Foot let the board know he’s seen a significant amount of traffic already since a small development was constructed near his house.

Frank told those attending that a traffic study had been done and reviewed by engineers with their recommendations — which he offered to email to those interested.

While the first phase of the development would include 30 homes, he said all offsite work would be completed prior to constructing the second phase — including a turn lane at Cemetery and Distillery Roads.

Frank said he’s also agreed to help fund the straightening of the “S” curve along Main Street. The curve would be converted to a three-way stop.

“In talking with them (the city), I’ve agreed that if there’s 100 cars going down that road today, and I put 20 more, then I’m paying 20 percent of it,” he said. “I’m helping to do that too.

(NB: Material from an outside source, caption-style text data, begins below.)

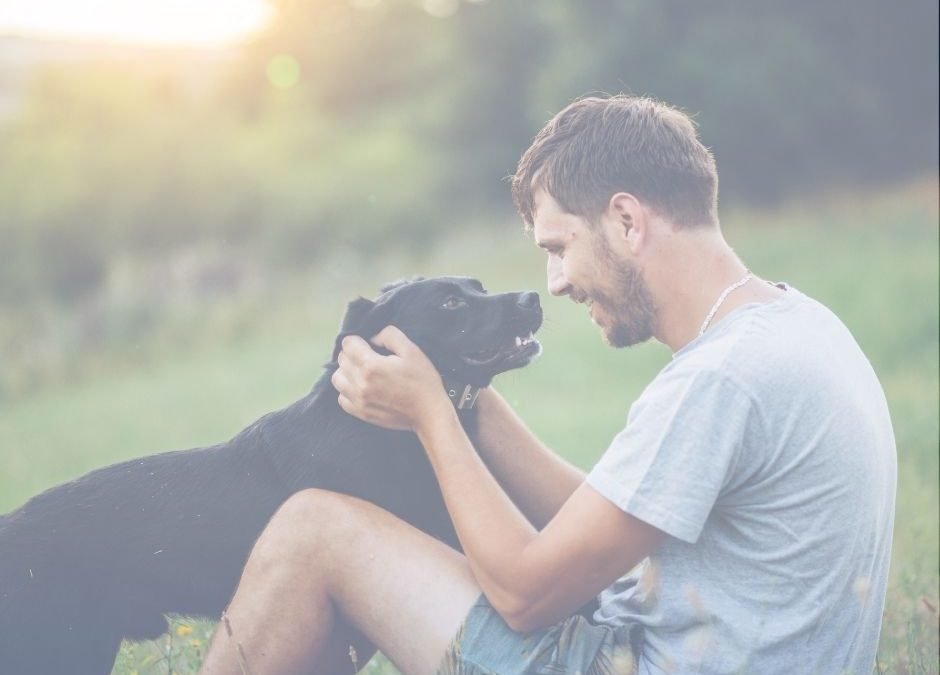 Integrazione alimentare in veterinaria: i benefici dei rimedi naturali per la salute degli animali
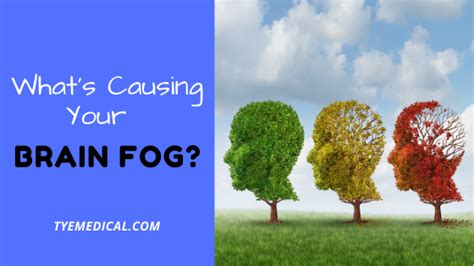 Causes Of Brain Fog 10 Possible Reasons Your Mind Is Sluggish Tye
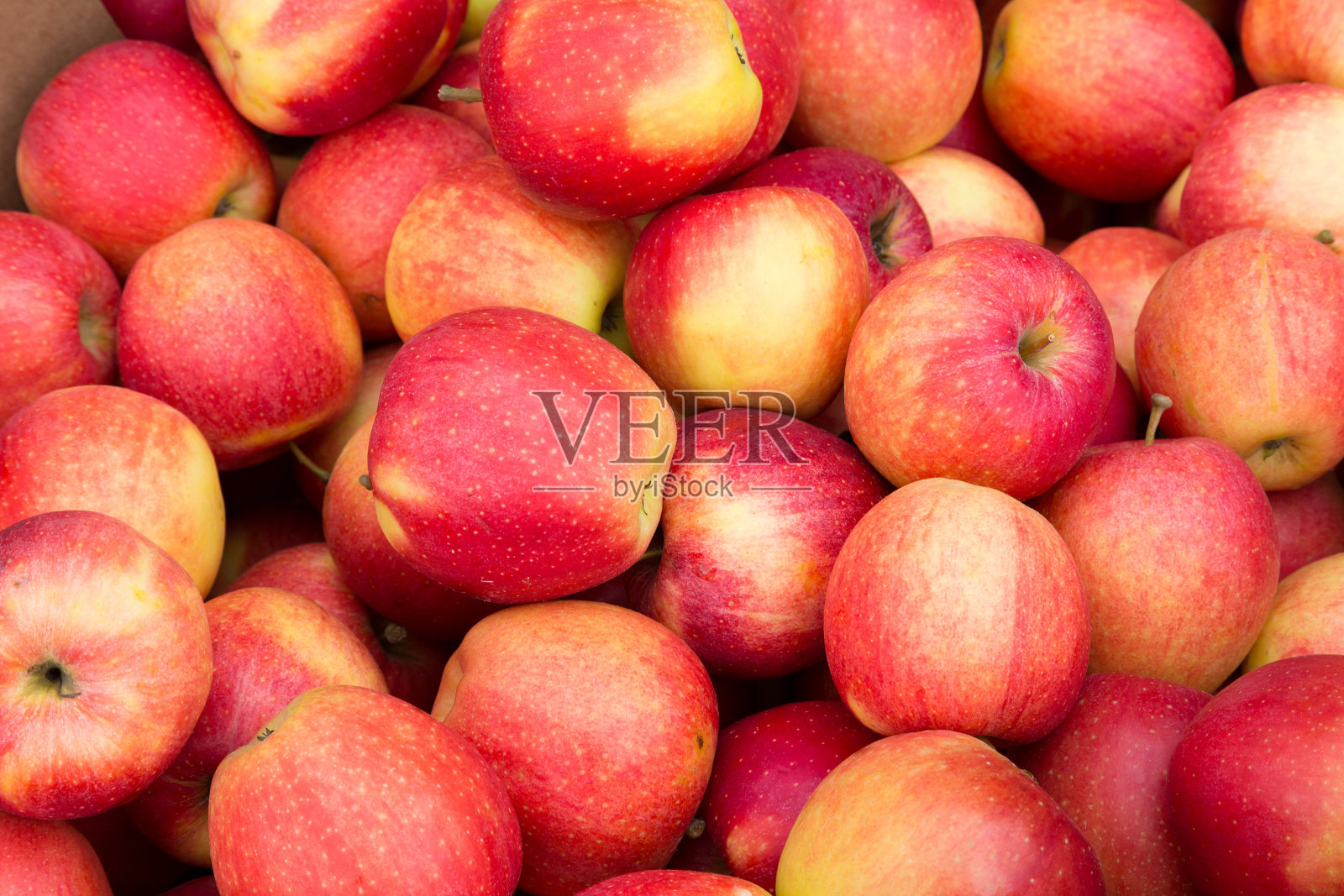 粉红色的苹果照片摄影图片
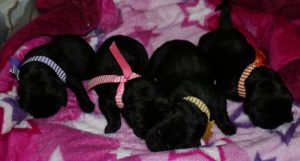 3 days old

I’m not putting it off on the city.”

Others who spoke had concerns about removing property from agriculture status, the cost of the homes being out of price range of most locals and the impact nearly 350 new residences would have on the schools.

Resident Julie Ford mentioned how the middle school is already using portables and wanted to know how Greenbrier would accommodate and have the infrastructure needed.

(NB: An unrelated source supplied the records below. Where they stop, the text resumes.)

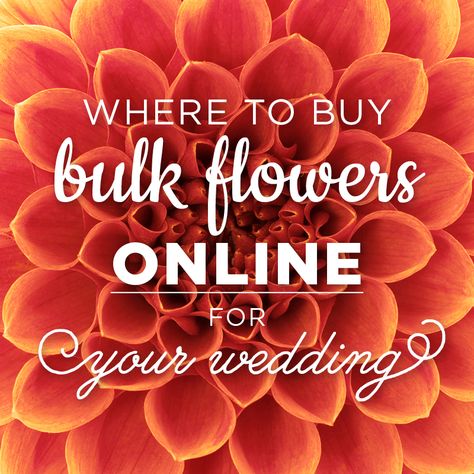 Ideas, Wholesale Flowers Wedding, Bulk Flowers Online, Wholesale Flowers, Buy Flowers Online, Buy Flowers, Online Wedding Flowers, Flower Bouquet Wedding, Flowers Online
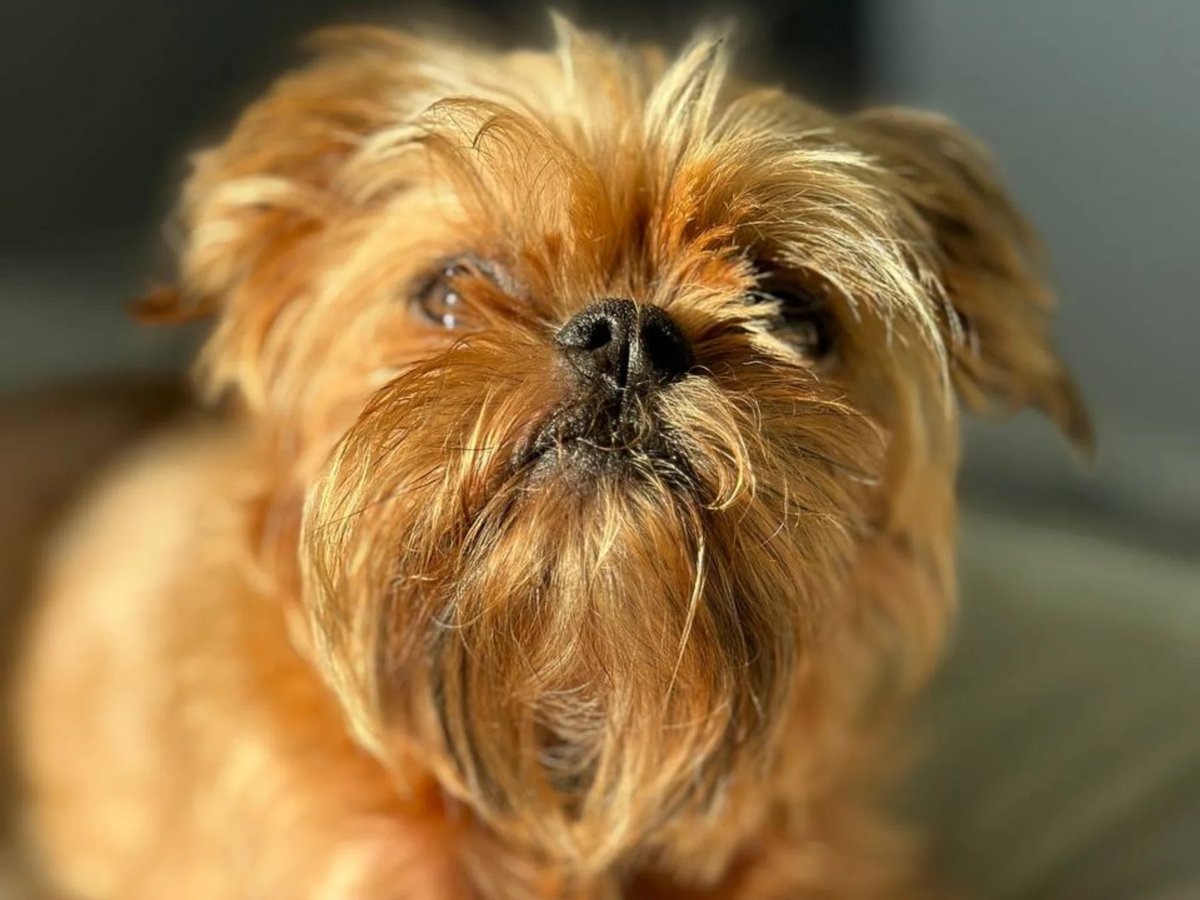    Собаке было девять лет, ее звали Тея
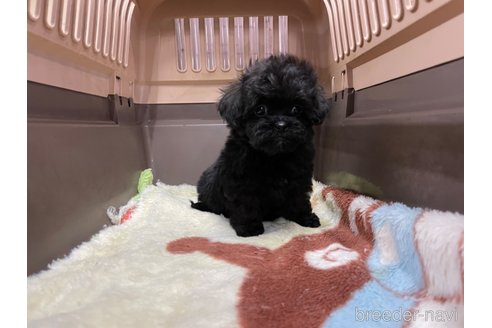 成約済の愛媛県のミックス犬-291309の3枚目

“And how do we get the answers to that?” she asked.

Later in the meeting, Joann Miller, a design consultant with Brandon Frank Construction, addressed how the portables have been used for years, dating back to when another subdivision was being considered.

“The school issue has always been a school issue and probably always will be. Cause that’s not the city; that’s the county,” Miller said. Any school concerns need to be taken to the county level, she added.

Frank clarified that the proposed subdivision is being geared toward the “hipster” crowd coming to Nashville and retirees. At least 150 of “Hoyte Heights” properties would have retirees, he said, mainly in the condos and single-level homes.

He’s been in discussions and meetings, Frank added, over the past six to seven months regarding the development — working with the city to see how a project like this could work.

While Ford said she understood what the development was going to do for “Hoyte Heights” residents, she wanted to know what it would do for Greenbrier.

“In my mind, it’s going to do a lot,” Frank said. “It’s going to change a lot. I don’t a have crystal ball to tell you; but it’s not only going to be good for the City of Greenbrier, but also good for Robertson County.”